O Maestro entrava e saía, com sua elegante destreza e sua maneira de subir ao estrado como quem vai abrir um leilão. Fez direita, o cego aplaudia suavemente, cuidando das mãos; era delicioso ver com que parcimônia contribuía para a homenagem popular, a cabeça baixa, o ar recolhido e quase ausente. Os “bravo!”, que ressoam sempre isoladamente e como expressões individuais, estalavam de todas as direções. Os aplausos tinham começado com menos violência que na primeira parte do concerto, mas agora, que a música ficava esquecida e que não se aplaudia Don Juan nem La Mer (ou melhor, seus efeitos), mas apenas o Maestro, e o sentimento coletivo que envolvia a sala, a força da ovação começava a se alimentar de si mesma, crescia por instantes e se tornava quase insuportável. Irritado, olhei para a esquerda; vi uma mulher vestida de vermelho que corria aplaudindo pelo centro da plateia, e que parava ao pé do estrado, praticamente aos pés do Maestro. Ao se inclinar para saudar outra vez, o Maestro encontrou-se com a senhora de vermelho a tão pouca distância, que se levantou surpreso. Mas das galerias altas vinham um fragor que o obrigou a levantar a cabeça e saudar, como raras vezes fazia, levantando o braço esquerdo. Aquilo exacerbou o entusiasmo, e aos aplausos juntava-se o bater de sapatos no chão das galerias e dos camarotes. Realmente, era um exagero.

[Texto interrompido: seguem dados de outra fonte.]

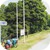 Station Auel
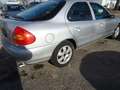 Ford Mondeo 2.5 V6, 125KW, AUTOMATIK-KLIMATR-SHZ-ALU Silber - thumbnail 4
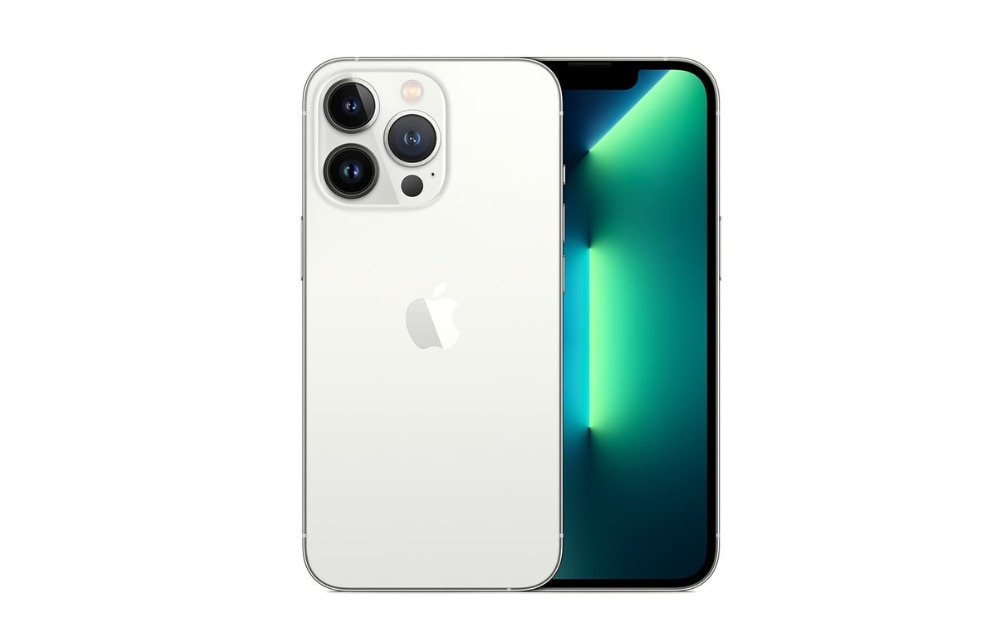 What Is the Process for Reselling Used iPhones 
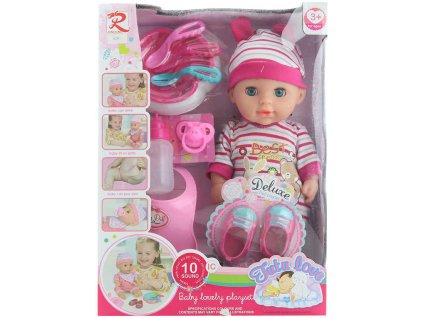 rewrite 70243 104479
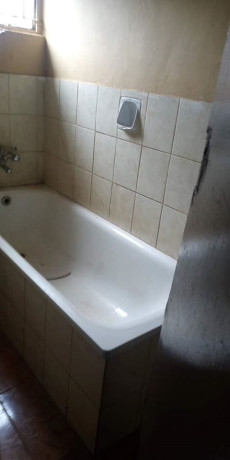 nyumbayanga-for-rent-3-bedroom-stand-alone-house-big-1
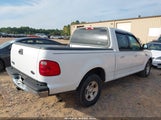 Ford F-150 Lariat/Xlt 1FTRW076X2KC65094 photo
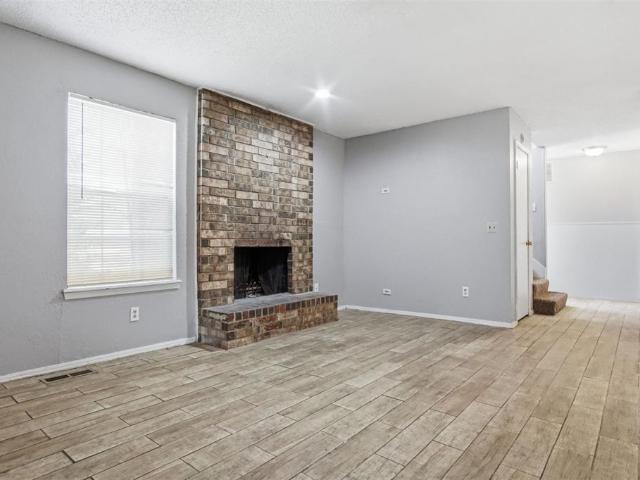 House for sale in Oklahoma City, Oklahoma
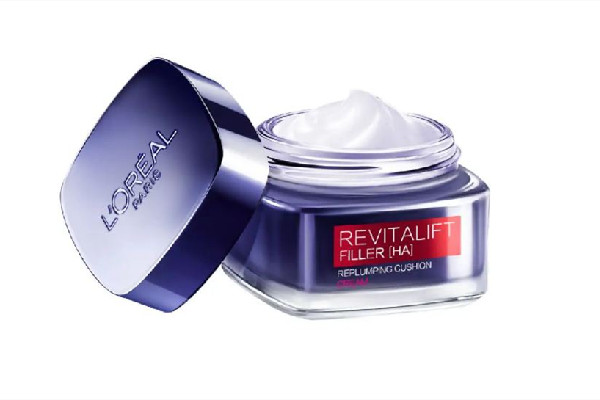 歐萊雅太空霜和零點(diǎn)霜的區(qū)別 歐萊雅太空霜有什么功效 歐萊雅太空霜和零點(diǎn)霜的區(qū)別 歐萊雅太空霜有什么功效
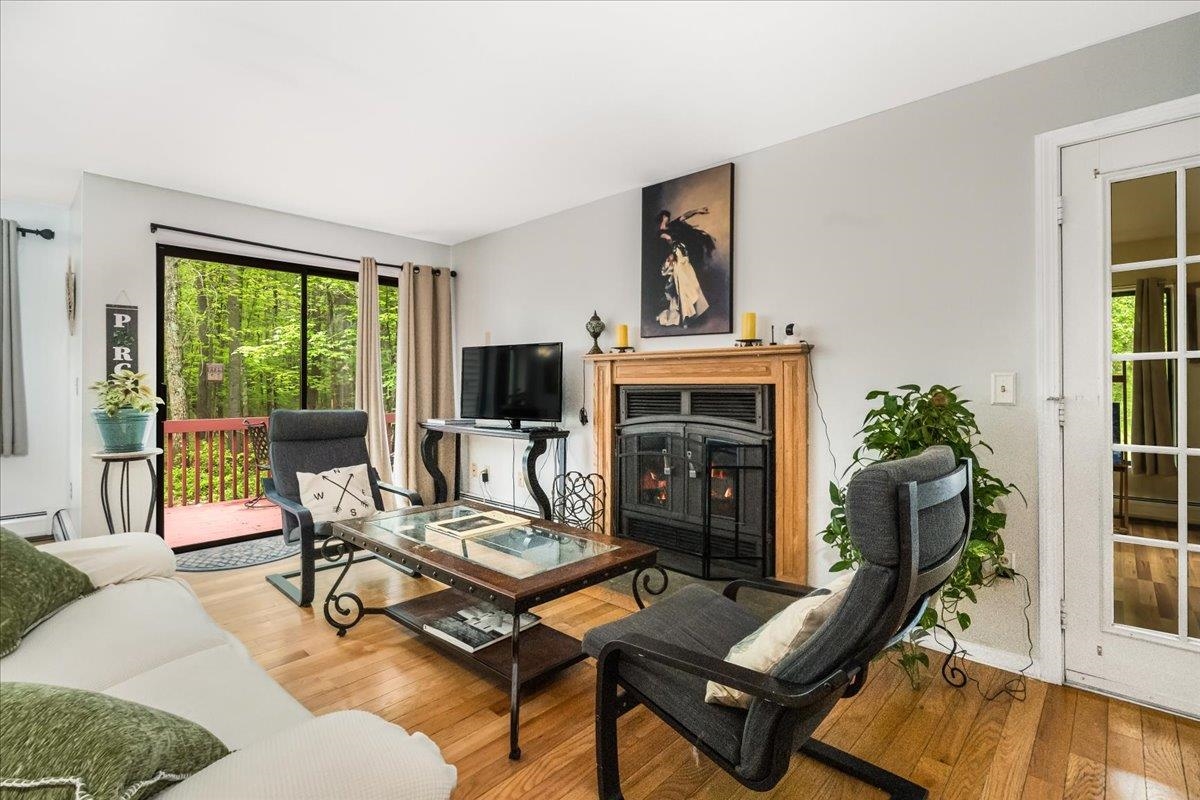 9 Quails Way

Não havia intervalo, mas o Maestro retirou-se para descansar dois minutos, e eu me levantei para ver melhor a sala. O calor, a umidade e a excitação converteram a maioria dos assistentes em deploráveis lagostins suarentos. Centenas de lenços funcionavam como ondas de um mar que grotescamente prolongava o que acabávamos de ouvir. Muitas pessoas corriam para o foyer, para beber a toda velocidade uma cerveja ou uma laranjada. Temerosas de perder algo, retornavam quase tropeçando nas outras que saíam, e na porta principal da plateia havia uma confusão considerável. Mas não havia alterações, todos se sentiam de uma bondade infinita, era como um grande abrandamento sentimental em que todos se encontravam fraternalmente e se reconheciam. A Sra. de Jonatán, muito gorda para se mexer em sua poltrona, levantava para mim, sempre de pé, um rosto estranhamente semelhante a um rabanete. “Inefável”, repetia. “Tão inefável”.

Quase me alegrei com a volta do Maestro, porque aquela multidão da qual eu tomava parte inelutavelmente me dava ao mesmo tempo pena e nojo. De toda essa gente, os músicos e o Maestro pareciam os únicos dignos. E além deles o cego a poucas filas da minha, tenso e sem aplaudir, com uma atenção esquisita e sem a menor indignidade.

— A Quinta — a Sra. de Jonatán me empapou a orelha. — O êxtase da tragédia.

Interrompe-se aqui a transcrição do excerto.